A 21-year-old student who was already serving a jail term for cheating a supermarket chain of $500,000 in shopping vouchers has been spared reformative training.
This was after Justice Choo Han Teck on Friday threw out an appeal by the prosecution for Hakim Leong to undergo the training and decided to let him serve out the remainder of his 81/2-month term.
Reformative training is a regime in which offenders below the age of 21 are detained at a reformative training centre for between 1½ and three years, as they undergo structured rehabilitation programmes.
If Justice Choo had agreed to the appeal, Leong would effectively have to start his sentence all over again as the three months he had already spent behind bars for pulling off the scam in 2011 would not count.

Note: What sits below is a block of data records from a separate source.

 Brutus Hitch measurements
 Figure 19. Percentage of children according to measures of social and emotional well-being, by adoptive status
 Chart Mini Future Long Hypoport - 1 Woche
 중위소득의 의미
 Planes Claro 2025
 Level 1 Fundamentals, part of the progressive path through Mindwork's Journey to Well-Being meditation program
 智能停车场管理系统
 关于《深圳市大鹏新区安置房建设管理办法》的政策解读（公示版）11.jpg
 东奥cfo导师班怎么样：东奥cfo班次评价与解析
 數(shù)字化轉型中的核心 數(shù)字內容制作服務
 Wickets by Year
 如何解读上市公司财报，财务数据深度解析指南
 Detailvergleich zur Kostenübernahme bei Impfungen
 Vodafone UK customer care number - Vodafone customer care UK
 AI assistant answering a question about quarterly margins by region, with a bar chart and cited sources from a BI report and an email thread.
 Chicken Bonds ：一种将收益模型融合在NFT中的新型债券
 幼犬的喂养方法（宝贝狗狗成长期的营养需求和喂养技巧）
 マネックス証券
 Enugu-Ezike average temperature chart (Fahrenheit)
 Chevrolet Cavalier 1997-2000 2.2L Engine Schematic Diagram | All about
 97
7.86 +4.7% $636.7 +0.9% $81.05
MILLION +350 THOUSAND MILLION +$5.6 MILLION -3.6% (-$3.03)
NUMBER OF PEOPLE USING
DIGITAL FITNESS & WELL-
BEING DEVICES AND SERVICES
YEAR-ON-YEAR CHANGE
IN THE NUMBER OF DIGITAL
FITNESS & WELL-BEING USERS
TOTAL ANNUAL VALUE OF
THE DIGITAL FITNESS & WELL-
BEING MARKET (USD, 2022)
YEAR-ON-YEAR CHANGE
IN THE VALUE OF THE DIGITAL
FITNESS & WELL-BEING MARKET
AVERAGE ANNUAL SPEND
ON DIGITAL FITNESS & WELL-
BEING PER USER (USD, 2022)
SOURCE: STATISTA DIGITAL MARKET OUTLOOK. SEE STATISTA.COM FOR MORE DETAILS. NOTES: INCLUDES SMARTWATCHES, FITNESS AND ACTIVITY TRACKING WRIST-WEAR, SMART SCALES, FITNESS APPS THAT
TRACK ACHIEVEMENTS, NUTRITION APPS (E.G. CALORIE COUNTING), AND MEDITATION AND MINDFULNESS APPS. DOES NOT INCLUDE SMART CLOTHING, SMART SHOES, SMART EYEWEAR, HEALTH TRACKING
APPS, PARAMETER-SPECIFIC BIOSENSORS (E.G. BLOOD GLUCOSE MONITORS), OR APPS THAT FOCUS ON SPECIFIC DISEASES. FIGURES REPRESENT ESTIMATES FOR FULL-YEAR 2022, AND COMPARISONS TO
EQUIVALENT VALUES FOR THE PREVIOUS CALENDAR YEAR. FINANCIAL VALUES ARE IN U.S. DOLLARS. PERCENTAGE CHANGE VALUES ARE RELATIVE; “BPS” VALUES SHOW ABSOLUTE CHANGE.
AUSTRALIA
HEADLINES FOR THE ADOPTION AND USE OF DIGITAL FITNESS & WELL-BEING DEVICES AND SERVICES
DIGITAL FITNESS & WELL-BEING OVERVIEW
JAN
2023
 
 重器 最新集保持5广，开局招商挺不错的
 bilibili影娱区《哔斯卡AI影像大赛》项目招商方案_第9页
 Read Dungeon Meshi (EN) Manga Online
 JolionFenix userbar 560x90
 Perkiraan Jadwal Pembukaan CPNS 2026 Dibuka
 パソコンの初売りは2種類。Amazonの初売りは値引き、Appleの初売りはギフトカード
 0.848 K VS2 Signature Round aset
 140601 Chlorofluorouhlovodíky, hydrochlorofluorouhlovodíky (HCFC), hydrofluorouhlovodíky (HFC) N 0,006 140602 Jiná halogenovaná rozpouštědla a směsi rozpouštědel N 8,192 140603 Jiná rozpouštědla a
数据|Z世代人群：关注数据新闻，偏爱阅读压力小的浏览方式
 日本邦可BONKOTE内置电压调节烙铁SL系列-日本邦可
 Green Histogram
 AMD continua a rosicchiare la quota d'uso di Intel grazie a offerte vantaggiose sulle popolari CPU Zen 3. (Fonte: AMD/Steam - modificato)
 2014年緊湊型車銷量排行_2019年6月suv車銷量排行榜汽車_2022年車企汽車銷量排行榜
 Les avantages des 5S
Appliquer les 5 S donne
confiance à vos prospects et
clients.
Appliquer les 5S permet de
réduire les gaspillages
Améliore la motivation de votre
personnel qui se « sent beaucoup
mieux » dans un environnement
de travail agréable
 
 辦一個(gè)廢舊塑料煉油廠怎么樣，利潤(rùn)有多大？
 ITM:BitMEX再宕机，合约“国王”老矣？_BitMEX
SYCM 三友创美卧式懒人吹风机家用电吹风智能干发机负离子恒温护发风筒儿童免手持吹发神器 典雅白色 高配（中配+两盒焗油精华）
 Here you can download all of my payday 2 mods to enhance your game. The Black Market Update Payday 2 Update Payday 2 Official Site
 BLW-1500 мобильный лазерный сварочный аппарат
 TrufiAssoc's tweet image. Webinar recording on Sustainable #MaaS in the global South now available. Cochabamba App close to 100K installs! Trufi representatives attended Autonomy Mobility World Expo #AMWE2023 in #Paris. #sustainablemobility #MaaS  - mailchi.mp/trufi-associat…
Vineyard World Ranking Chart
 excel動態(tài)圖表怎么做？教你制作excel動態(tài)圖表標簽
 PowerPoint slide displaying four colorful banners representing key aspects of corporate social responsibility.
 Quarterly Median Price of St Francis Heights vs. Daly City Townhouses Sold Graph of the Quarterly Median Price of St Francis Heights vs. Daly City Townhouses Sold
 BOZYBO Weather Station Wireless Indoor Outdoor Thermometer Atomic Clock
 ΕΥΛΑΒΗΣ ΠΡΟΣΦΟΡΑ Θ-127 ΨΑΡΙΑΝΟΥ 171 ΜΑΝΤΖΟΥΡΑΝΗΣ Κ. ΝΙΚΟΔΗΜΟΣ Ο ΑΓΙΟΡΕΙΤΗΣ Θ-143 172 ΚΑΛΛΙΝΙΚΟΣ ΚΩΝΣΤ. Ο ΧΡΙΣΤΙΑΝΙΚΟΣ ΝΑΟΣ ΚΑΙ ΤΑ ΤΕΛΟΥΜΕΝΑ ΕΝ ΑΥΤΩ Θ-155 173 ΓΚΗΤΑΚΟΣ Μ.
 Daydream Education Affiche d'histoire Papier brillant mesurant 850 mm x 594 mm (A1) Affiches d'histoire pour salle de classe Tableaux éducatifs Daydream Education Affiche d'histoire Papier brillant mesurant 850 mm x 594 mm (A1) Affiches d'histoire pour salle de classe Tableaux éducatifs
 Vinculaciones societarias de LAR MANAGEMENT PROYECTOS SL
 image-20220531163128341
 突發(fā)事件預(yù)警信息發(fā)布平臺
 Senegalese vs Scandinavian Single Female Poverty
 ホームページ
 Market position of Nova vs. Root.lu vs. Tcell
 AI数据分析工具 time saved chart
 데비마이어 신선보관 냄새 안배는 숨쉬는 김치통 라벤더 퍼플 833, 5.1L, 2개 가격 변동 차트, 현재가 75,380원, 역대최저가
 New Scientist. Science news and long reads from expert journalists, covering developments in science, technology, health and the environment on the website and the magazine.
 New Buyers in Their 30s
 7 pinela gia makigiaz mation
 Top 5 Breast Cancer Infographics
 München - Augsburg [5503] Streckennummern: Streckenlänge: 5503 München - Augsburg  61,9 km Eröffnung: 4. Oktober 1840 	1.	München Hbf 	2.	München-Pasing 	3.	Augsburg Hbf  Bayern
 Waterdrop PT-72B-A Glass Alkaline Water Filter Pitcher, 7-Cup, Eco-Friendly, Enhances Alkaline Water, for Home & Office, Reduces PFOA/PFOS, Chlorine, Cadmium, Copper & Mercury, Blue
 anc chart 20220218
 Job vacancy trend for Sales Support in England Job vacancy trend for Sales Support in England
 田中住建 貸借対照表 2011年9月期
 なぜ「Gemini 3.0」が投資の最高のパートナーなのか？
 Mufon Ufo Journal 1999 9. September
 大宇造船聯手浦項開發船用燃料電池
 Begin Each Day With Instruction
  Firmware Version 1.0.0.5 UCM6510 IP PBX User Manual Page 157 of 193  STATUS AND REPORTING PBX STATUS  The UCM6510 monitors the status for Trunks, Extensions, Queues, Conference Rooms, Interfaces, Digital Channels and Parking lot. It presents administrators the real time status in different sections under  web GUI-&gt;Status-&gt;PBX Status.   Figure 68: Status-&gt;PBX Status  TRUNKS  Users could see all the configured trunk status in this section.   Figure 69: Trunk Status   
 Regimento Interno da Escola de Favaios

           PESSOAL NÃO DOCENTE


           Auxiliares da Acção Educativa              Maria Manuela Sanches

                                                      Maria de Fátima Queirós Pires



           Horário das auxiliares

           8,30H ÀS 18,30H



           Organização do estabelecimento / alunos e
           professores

The prosecution had filed the appeal, saying reformative training should take precedence over a jail term considering Leong's age and the amount involved.
Deputy Public Prosecutors David Chew and Grace Lim had argued that this was the "last chance" to reform Leong, who had been the mastermind behind the scam.
But Leong's lawyer, Mr Lee Teck Leng, questioned the fairness of sentencing Leong to reformative training, arguing that the total loss suffered by NTUC FairPrice had only been about $6,000.
After turning down the appeal, Justice Choo had this warning for Leong: "If (Leong) does not amend (his) clear defects and re-offends, he will face a much longer time in prison", adding that the matter was in Leong's own hands.
Together with an accomplice, Leong had set up a company in November 2011, for the purpose of buying the $500,000 worth of shopping vouchers with a dud cheque.
Some $13,180 worth of vouchers - and not $5,000 as earlier reported - had been spent before the cheque bounced and he was arrested.